No séc. XV,  os vereadores da cidade de Lisboa proibiram o lançamento de esterco e outras sujidades na rua do Ouro, que era a Betesga, estipulando pena por incumprimento, conforme lavrou o escrivão da Câmara Gomes Eanes de Monte Agraço.

A partir da 2ª metade do século XVI, Lisboa começa a apresentar uma Rua Nova dos Ourives do Ouro, também designada Rua da Ourivesaria do Ouro (em 1577 e em 1700), aberta sobre um antigo esteio do Tejo que D. João II mandou parcialmente tapar, talvez situada na área hoje ocupada pelas Ruas de São Nicolau e de São Julião, ou ainda, como Rua dos Ourives do Ouro (por exemplo, em 1577, 1600, 1602, 1619, 1663, 1686, 1688, 1692, 1702, 1704, 1705, 1707, 1719).

Após o Terramoto de 1755 nasceu a nova Rua Áurea, rasgada e integrada no todo simétrico da Baixa Pombalina, em resultado da Portaria de 5 de novembro de 1760, de D. José I, que atribuiu toponímia a todos os novos 14 arruamentos entre a Praça do Rossio (hoje Praça D. Pedro IV) e a Praça do Comércio, bem como regulamentou a distribuição dos vários artesãos e comércios por eles.

No séc.
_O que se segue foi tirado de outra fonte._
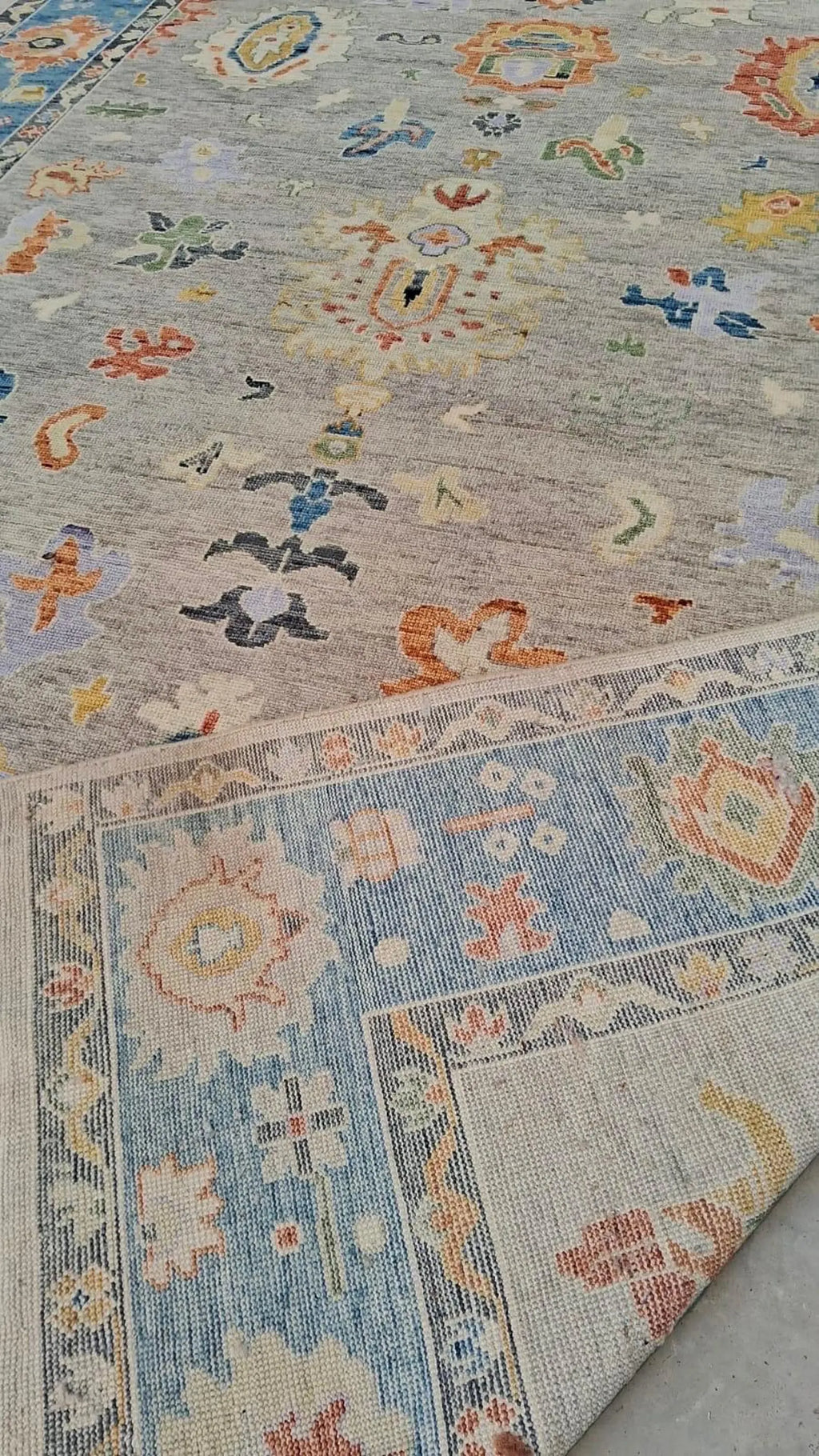 Hand-Knotted Oushak Wool Rug - Muted Blue & Terracotta Modern Transitional Design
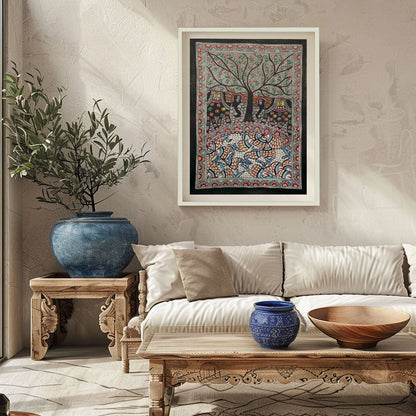 The Elephant with fish Madhubani Art, Madhubani Art, Madhubani Painting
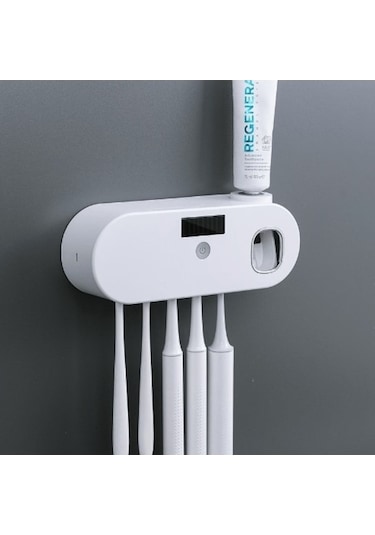 Novahub Akıllı Diş Fırçası Tutucu Beyaz, Otomatik Diş Macunu Sıkacağı Kutusu Beyaz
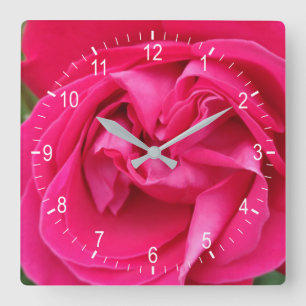 Rote Rose Blume Quadratische Wanduhr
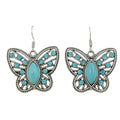 Turquoise with Blue Crystals Butterfly Pierced Earring - PT511E - Lilylin Designs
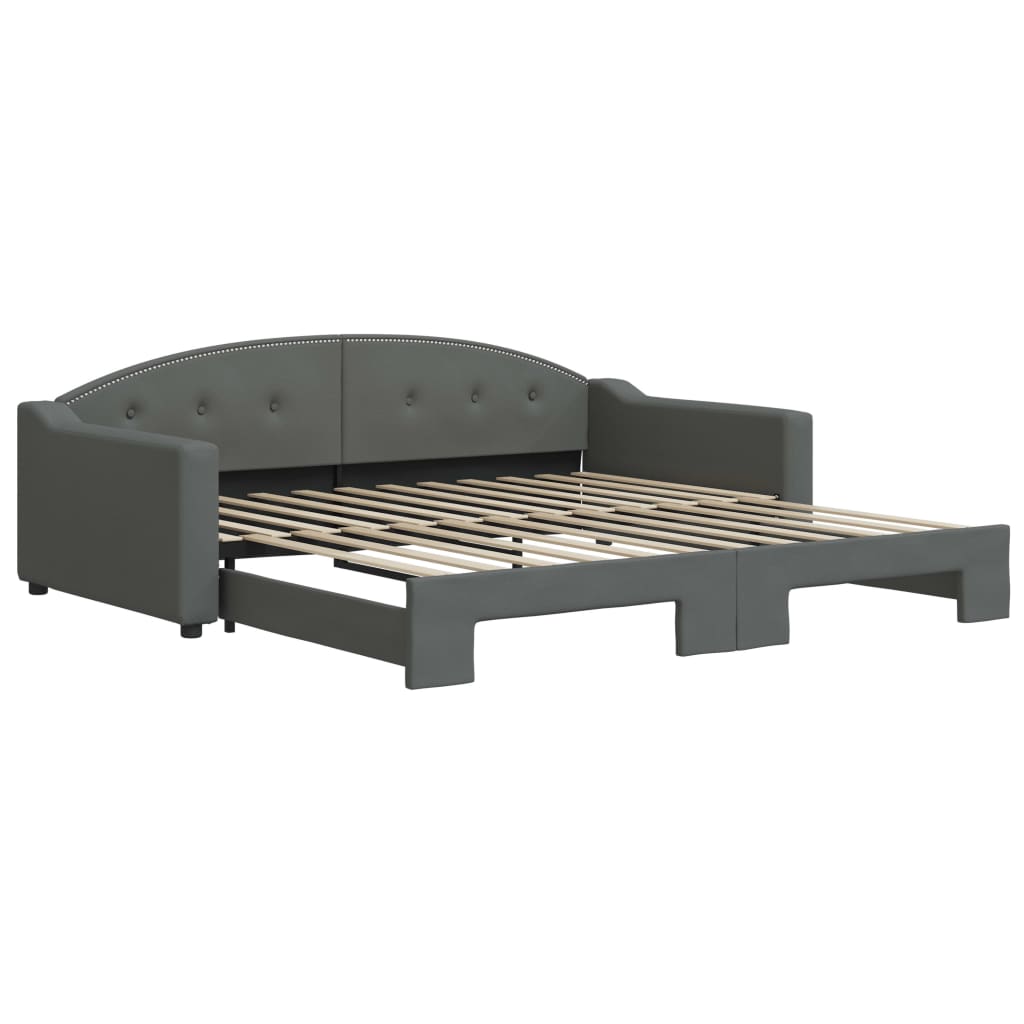 daybed med udtræk 100x200 cm stof mørkegrå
XIX, seguramente a partir de 1849 passou a ser conhecida vulgarmente como Rua do Ouro, tanto mais que em 1906 circulavam postais com o Banco de Portugal e Rua do Ouro na legenda. Aliás, nos postais da primeira década do séc. XX era comum encontrar-se a imagem dos estabelecimentos bancários que a artéria albergava: o Monte Pio dos Empregados Públicos (1840), o Banco de Portugal (na última metade do séc. XIX), o Banco Lisboa & Açores (1907), como mais tarde, também aconteceu com a Agência Havas (1931).